§ **SOURCE MATERIAL**:
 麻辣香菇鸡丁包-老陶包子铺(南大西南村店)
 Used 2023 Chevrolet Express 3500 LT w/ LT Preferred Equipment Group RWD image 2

---

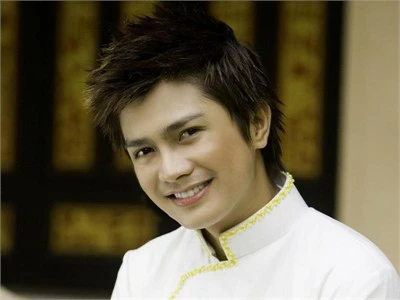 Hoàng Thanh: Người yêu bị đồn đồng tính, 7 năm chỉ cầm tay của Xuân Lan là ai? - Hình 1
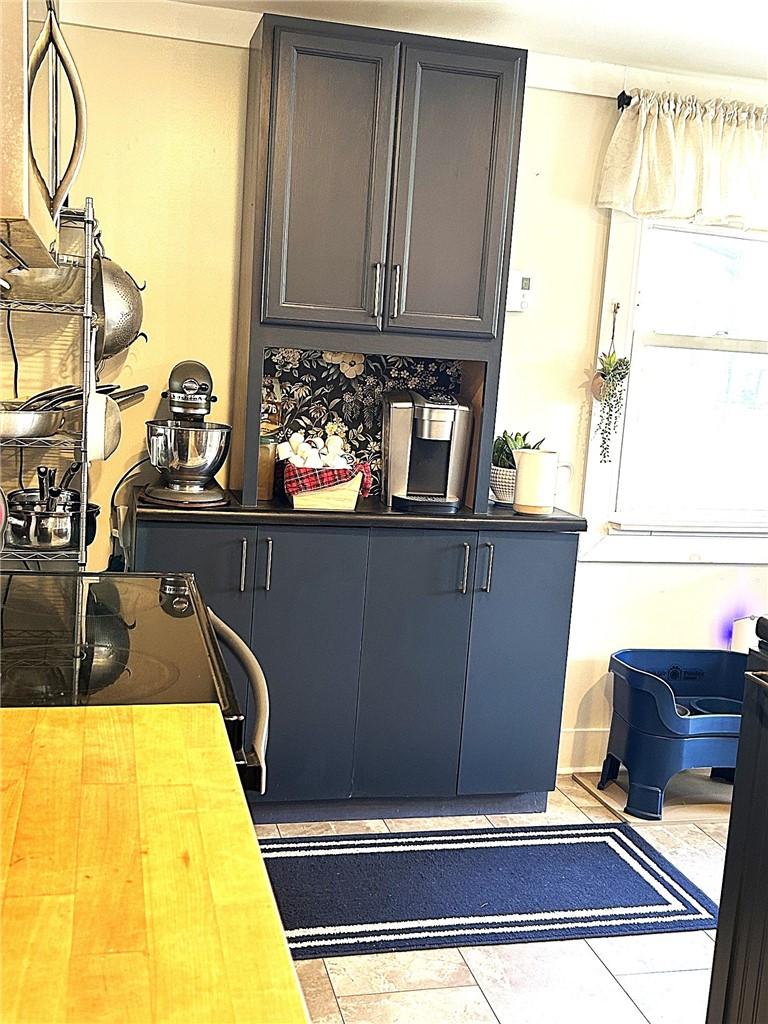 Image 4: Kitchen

* * *

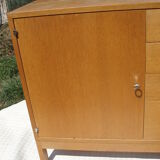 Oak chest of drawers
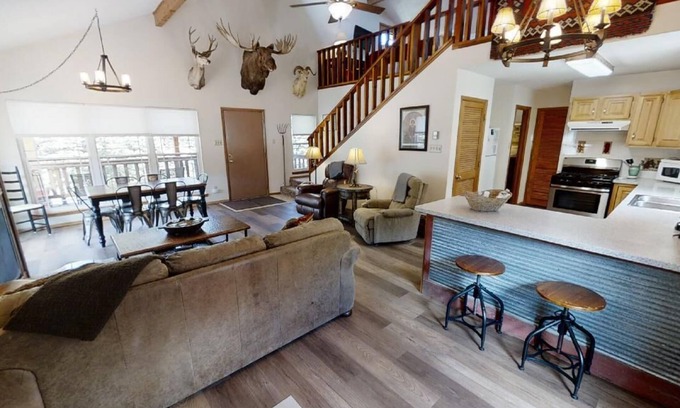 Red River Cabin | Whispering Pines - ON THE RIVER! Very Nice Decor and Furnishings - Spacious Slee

§ **HOW TO COMPLETE THIS TASK**: Please give an exact copy of the entries above, from the line with "麻辣香菇鸡丁包-老陶包子铺(南大西南村店)" down to the line with "Used 2023 Chevrolet", inclusive, and nothing else.

§ **EXERCISE RESPONSE**:
 麻辣香菇鸡丁包-老陶包子铺(南大西南村店)
 Used 2023 Chevrolet Express 3500 LT w/ LT Preferred Equipment Group RWD image 2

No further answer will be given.